How to upgrade

0.8.x to 0.9.0

If you were using the optional HDF5 converter classes, you need to adapt the package path in your cfood definition from the old

Converters:
  H5Dataset:
    converter: H5DatasetConverter
    package: caoscrawler.hdf5_converter
  H5File:
    converter: H5FileConverter
    package: caoscrawler.hdf5_converter
  H5Group:
    converter: H5GroupConverter
    package: caoscrawler.hdf5_converter
  H5Ndarray:
    converter: H5NdarrayConverter
    package: caoscrawler.hdf5_converter

to the new paths:

Converters:
  H5Dataset:
    converter: H5DatasetConverter
    package: caoscrawler.converters.hdf5_converter
  H5File:
    converter: H5FileConverter
    package: caoscrawler.converters.hdf5_converter
  H5Group:
    converter: H5GroupConverter
    package: caoscrawler.converters.hdf5_converter
  H5Ndarray:
    converter: H5NdarrayConverter
    package: caoscrawler.converters.hdf5_converter

0.6.x to 0.7.0

If you added Parents to Records at multiple places in the CFood, you must now do this at a single location because this key now overwrites previously set parents.

0.5.x to 0.6.0

#41 was fixed. This means that you previously used the name of Entities as an identifying property without adding it to the identifiable definition, you now need to add ‘name’ explicitly.

0.4.x to 0.5.0

The crawler was split into two modules: the scanner and the crawler. The scanner creates a Record structure from the data and the crawler synchronizes this with the server. Due to this change you should:

  • Remove the debug argument from the Crawler constructor.
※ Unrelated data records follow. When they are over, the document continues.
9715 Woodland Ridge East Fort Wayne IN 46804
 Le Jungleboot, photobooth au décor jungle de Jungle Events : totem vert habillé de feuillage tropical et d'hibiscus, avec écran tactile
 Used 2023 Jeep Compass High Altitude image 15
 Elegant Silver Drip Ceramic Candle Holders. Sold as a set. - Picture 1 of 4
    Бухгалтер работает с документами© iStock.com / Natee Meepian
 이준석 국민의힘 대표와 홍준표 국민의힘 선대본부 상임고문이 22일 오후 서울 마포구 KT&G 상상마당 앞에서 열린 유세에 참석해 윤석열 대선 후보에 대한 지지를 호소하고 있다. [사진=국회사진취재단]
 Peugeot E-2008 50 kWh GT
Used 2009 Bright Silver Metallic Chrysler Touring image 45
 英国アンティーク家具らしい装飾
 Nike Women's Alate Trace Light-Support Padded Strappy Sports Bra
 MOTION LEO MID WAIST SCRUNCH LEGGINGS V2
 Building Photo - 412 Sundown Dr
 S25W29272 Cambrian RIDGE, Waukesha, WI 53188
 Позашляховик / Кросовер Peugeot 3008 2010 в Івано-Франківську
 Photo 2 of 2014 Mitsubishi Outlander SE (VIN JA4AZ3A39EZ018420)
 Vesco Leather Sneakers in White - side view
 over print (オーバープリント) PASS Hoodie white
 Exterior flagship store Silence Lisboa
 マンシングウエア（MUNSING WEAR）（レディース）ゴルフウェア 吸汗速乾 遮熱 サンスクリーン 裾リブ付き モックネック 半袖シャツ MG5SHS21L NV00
For debugging supply a DebugTree as argument to functions like the scanner.

  • Remove the generalStore argument from the Crawler constructor. A store can no longer be provided to the crawler.

  • load_definition and initialize_converters are now part of the scanner module

  • crawl_directory is replcaced by scan_directory of the scanner module

  • start_crawling is replcaced by scan_structure_elements of the scanner module

0.2.x to 0.3.0

DictElementConverter (old: DictConverter) now can use “match” keywords. If none are in the definition, the behavior is as before. If you had “match”, “match_name” or “match_value” in the definition of a

DictConverter (StructureElement: Dict) before, you probably want to remove those. They were ignored before and are now used.

TextElement used the ‘match’ keyword before, which was applied to the value. This is will in future be applied to the key instead and is now forbidden to used. If you used the ‘match’ keyword in the definition of TextElementConverter (StructureElement: TextElement) before, you need to change the key from “match” to “match_name” in order to preserve the behavior.

The JSONFileConverter was changed such that it creates StructureElements as children corresponding to the content. I.e. if there is an Object (dict in Python) in the file, the children will be a list with one DictElement. Before, only JSON files with one Object were accepted and the key value pairs of the dict were directly transformed to children. This means, that all previously used JSONFileConverters need to introduce a new level for the DictElement:

    json:
      type: JSONFile
      match: metadata.json
      validate: schema/dataset.schema.json
      subtree:
        jsondict:                               # new
          type: DictElement                     # new
          match: .*                             # new
          subtree:                              # new